Exercise objective: An exact copy is needed of the lines in the entries below from the line with "Next video, we'll" up to and including the line with "Hello everyone, welcome", and of nothing else. Leave the pictures out.

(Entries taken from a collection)
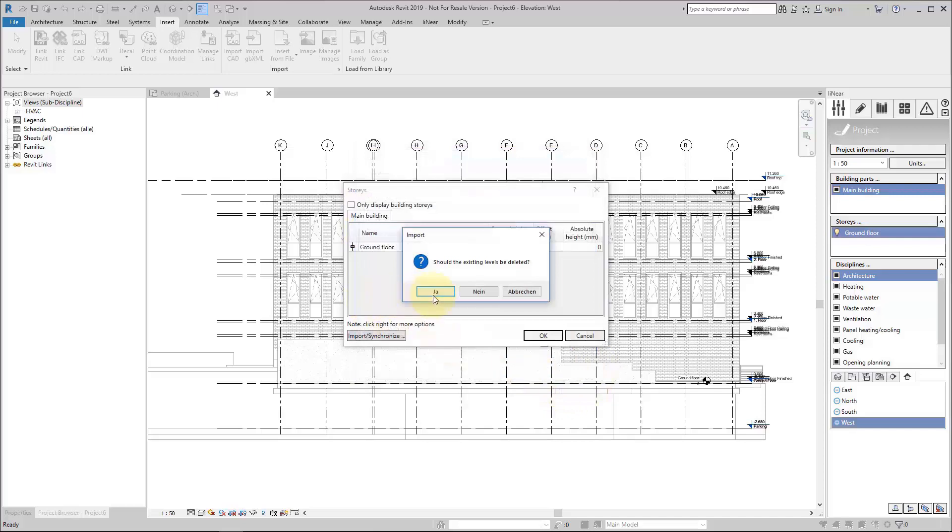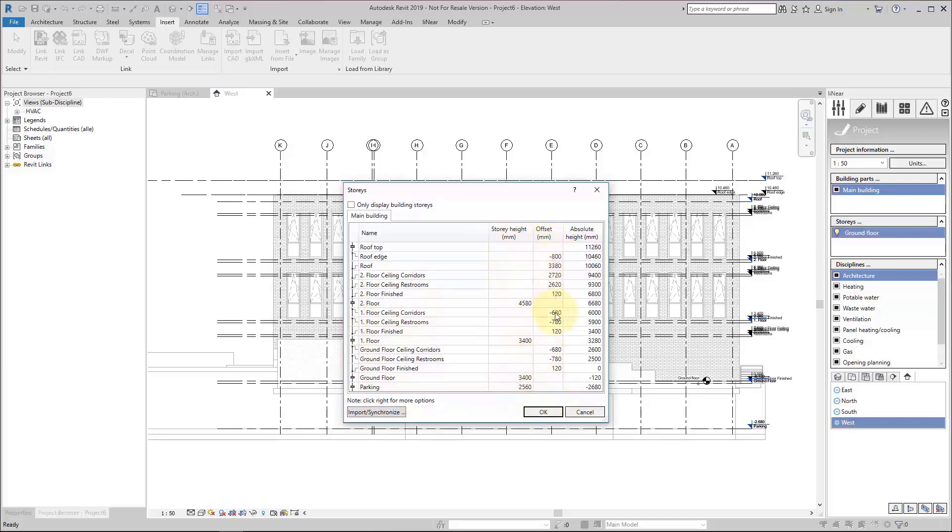If I press OK and answer this question, I have imported everything. You see that these different levels have different icons. Stories have different icons than construction levels, which are related to the stories or the ceilings.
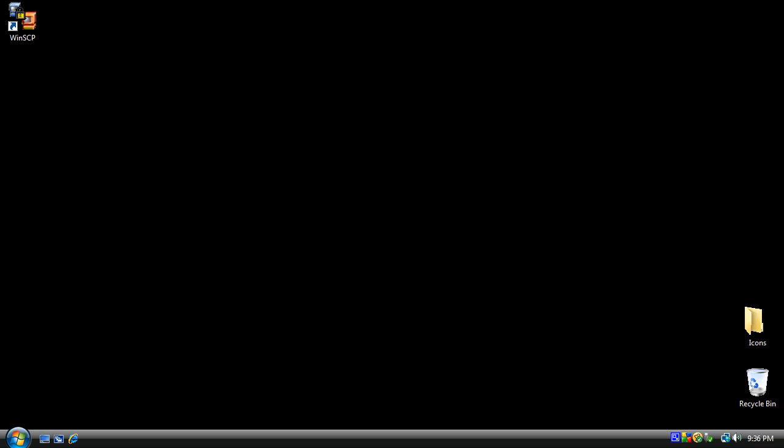Hey everybody, EBA420 here, and I thought I would do an updated video on WinSCP and OpenSSH since my last one is almost a year old now. In this video I'll be using an iPod Touch 2G, but it's all the same if you have an iPhone. The first thing you should do if you haven't already is download and install WinSCP from the link provided in the description. All the default settings are fine.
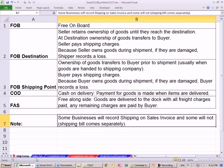Next video, we'll talk a little bit about sales tax before we move on to completing an invoice or creating one from scratch. See you next video.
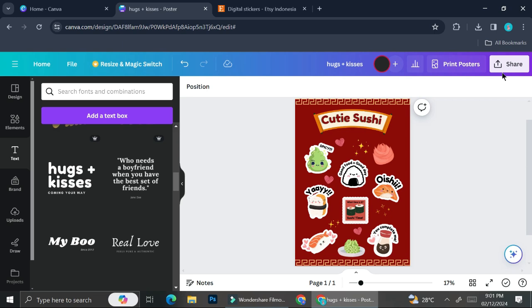That is basically how you can create a stickers collection, digital stickers that you can sell on Etsy later. I hope this tutorial is helpful for you. Thank you so much for watching and have a great day!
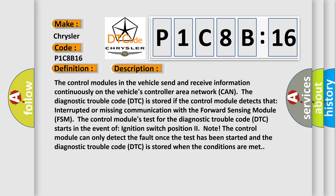The control modules in the vehicle send and receive information continuously on the vehicle's controller area network (CAN). The diagnostic trouble code (DTC) is stored if the control module detects interrupted or missing communication with the forward sensing module (FSM). The control module's test for the diagnostic trouble code (DTC) starts in the event of ignition switch position II.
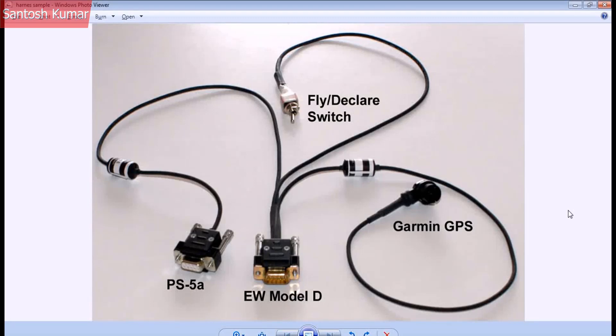Hello everyone, welcome back to CATIA V5 training part 3. This video is to let you know what we're going to create at the end of the training. You can see here we have a harness with connectors and wires. At the end, we're going to have the knowledge to create a 3D and 2D model of this harness.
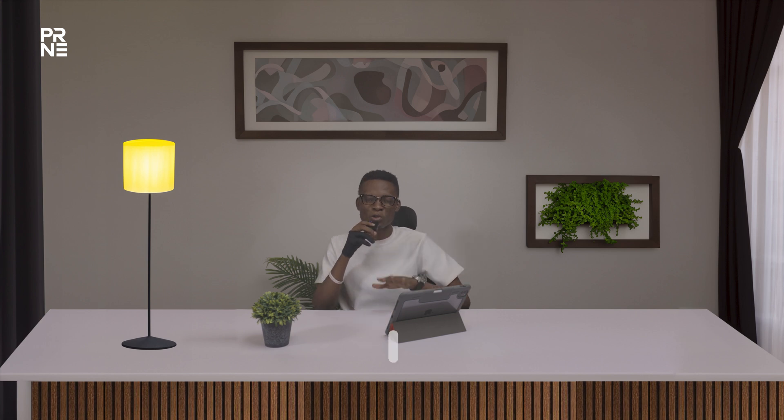So guys we're from to the end of today's video. Do well to leave a thumbs up for me, do well to drop a comment if you have any. And don't forget to subscribe to this channel if you are just coming across this channel for the first time or if you haven't subscribed to this channel and you are not a part of our gang. Don't forget to subscribe to this channel and I'm going to see you in my next video, peace out.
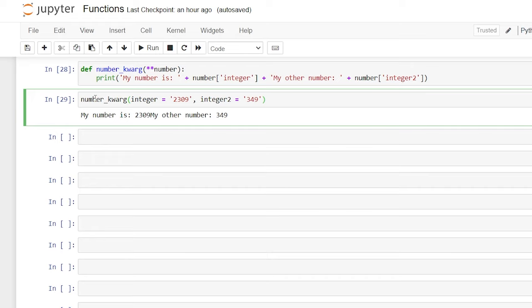That's all we're going to look at in today's video on functions. There are of course other things you can do within functions and it can get more advanced, but I wanted to show you the basics — the meat and potatoes — that you should know to get started using functions. I hope you were able to understand functions better because of this video. If you did, be sure to like and subscribe below, and I will see you in the next video.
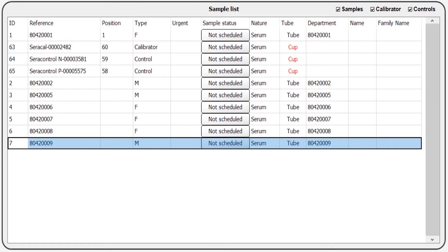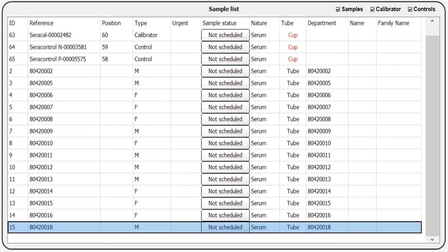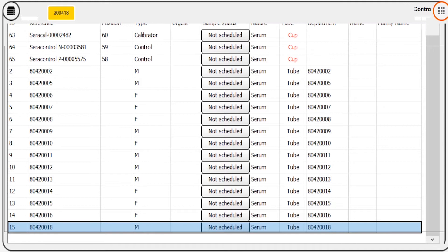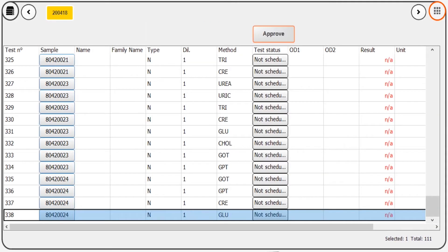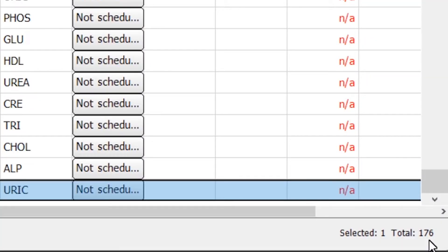Piccolo CHEM can be interfaced with ASTM protocol. Through bidirectional communication, the software receives all the information on samples and tests to be performed from a host computer.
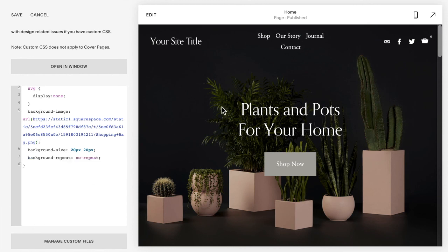Again, it does work best if it is a square image. If it is not a square image you'll notice that your image is probably stretching in a certain direction.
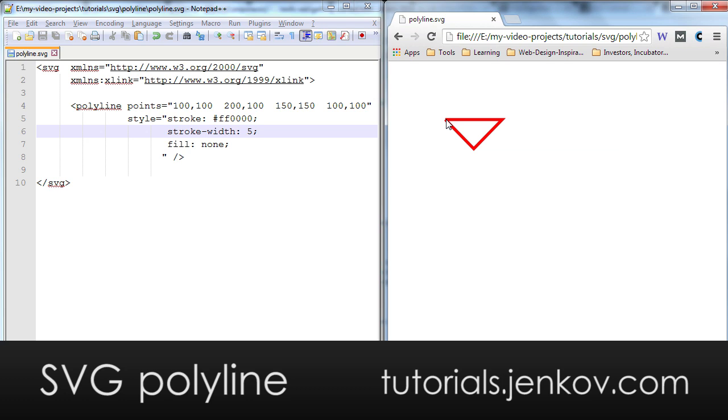If you want the shape to be drawn and closed, meaning there's automatically a perfect line from the last point to the first point, use the polygon element instead of the polyline.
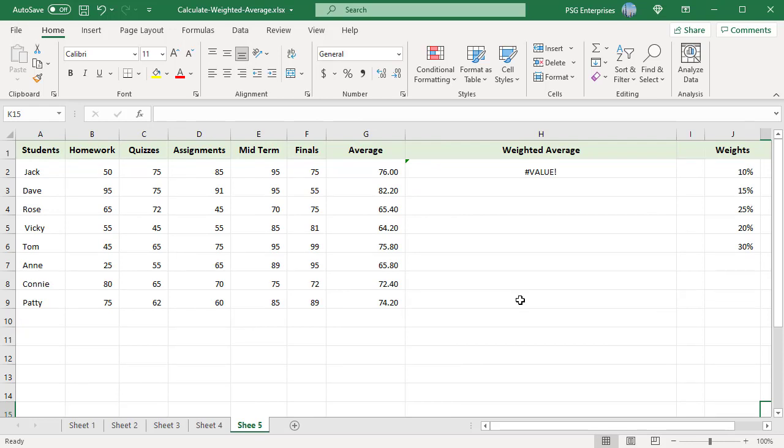When you try to use the weights listed in a vertical range in this formula, we get a pound value error.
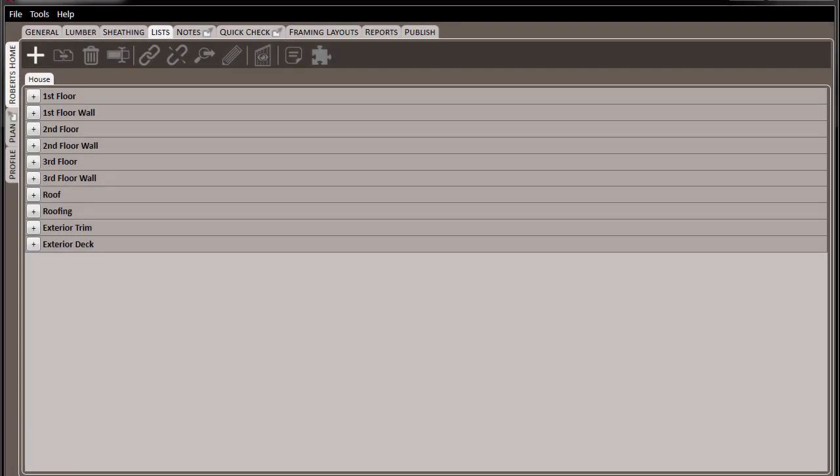Before going over to the Plan tab, let's stop here at the Lists tab to see the different options that are available for organizing your material.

Response to this task:
Next video, we'll talk a little bit about sales tax before we move on to completing an invoice or creating one from scratch. See you next video.
That is basically how you can create a stickers collection, digital stickers that you can sell on Etsy later. I hope this tutorial is helpful for you. Thank you so much for watching and have a great day!
The control modules in the vehicle send and receive information continuously on the vehicle's controller area network (CAN). The diagnostic trouble code (DTC) is stored if the control module detects interrupted or missing communication with the forward sensing module (FSM). The control module's test for the diagnostic trouble code (DTC) starts in the event of ignition switch position II.
Hello everyone, welcome back to CATIA V5 training part 3. This video is to let you know what we're going to create at the end of the training. You can see here we have a harness with connectors and wires. At the end, we're going to have the knowledge to create a 3D and 2D model of this harness.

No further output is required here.